To do =>
Every line of the listing below must be printed again exactly, apart from its pictures.

Given data =>
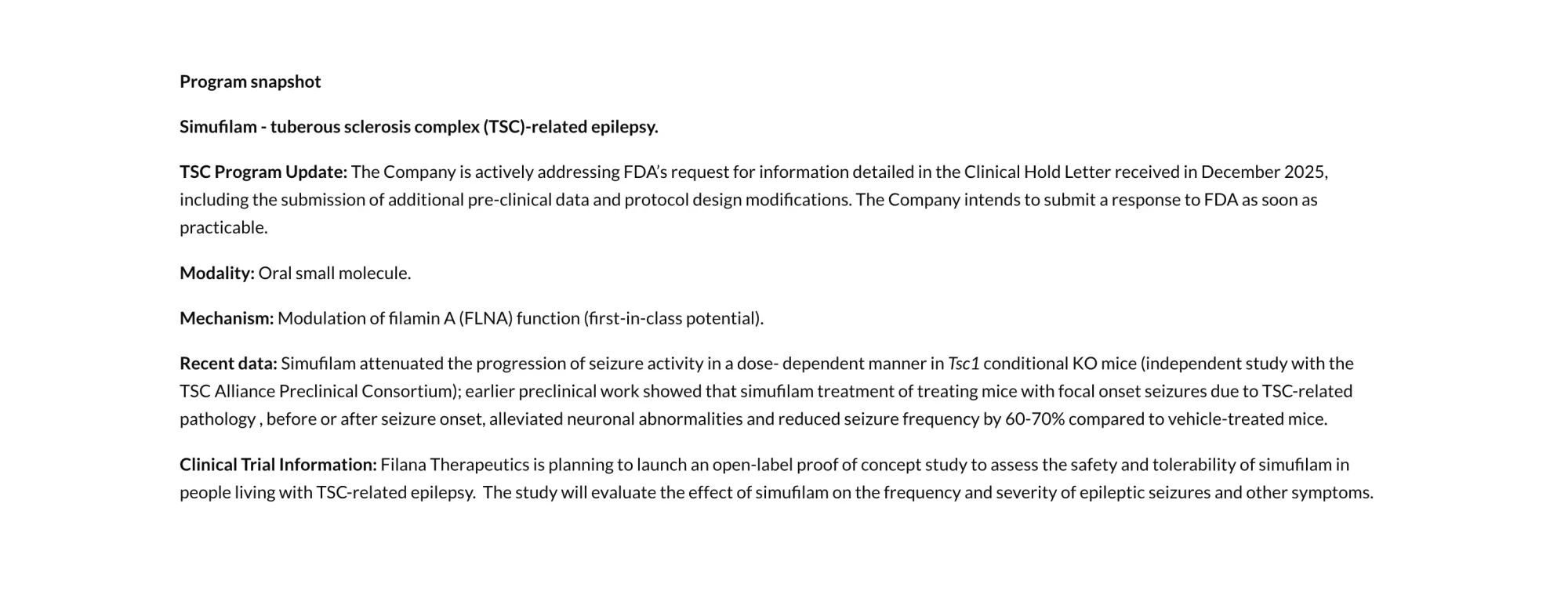 Filana Gets FDA Green Light for Phase 2a Simufilam Study in TSC-Related Epilepsy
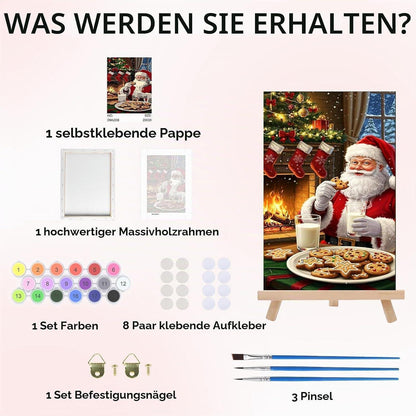 Weihnachtsmann Malen nach Zahlen mit Rahmen – DIY Leinwand Set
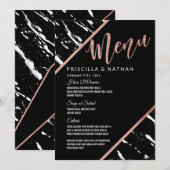 Modern Black White Marble Roos Gold Wedding Menu (Voorkant / Achterkant)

Exercise result =>
 Filana Gets FDA Green Light for Phase 2a Simufilam Study in TSC-Related Epilepsy
 Weihnachtsmann Malen nach Zahlen mit Rahmen – DIY Leinwand Set
 Modern Black White Marble Roos Gold Wedding Menu (Voorkant / Achterkant)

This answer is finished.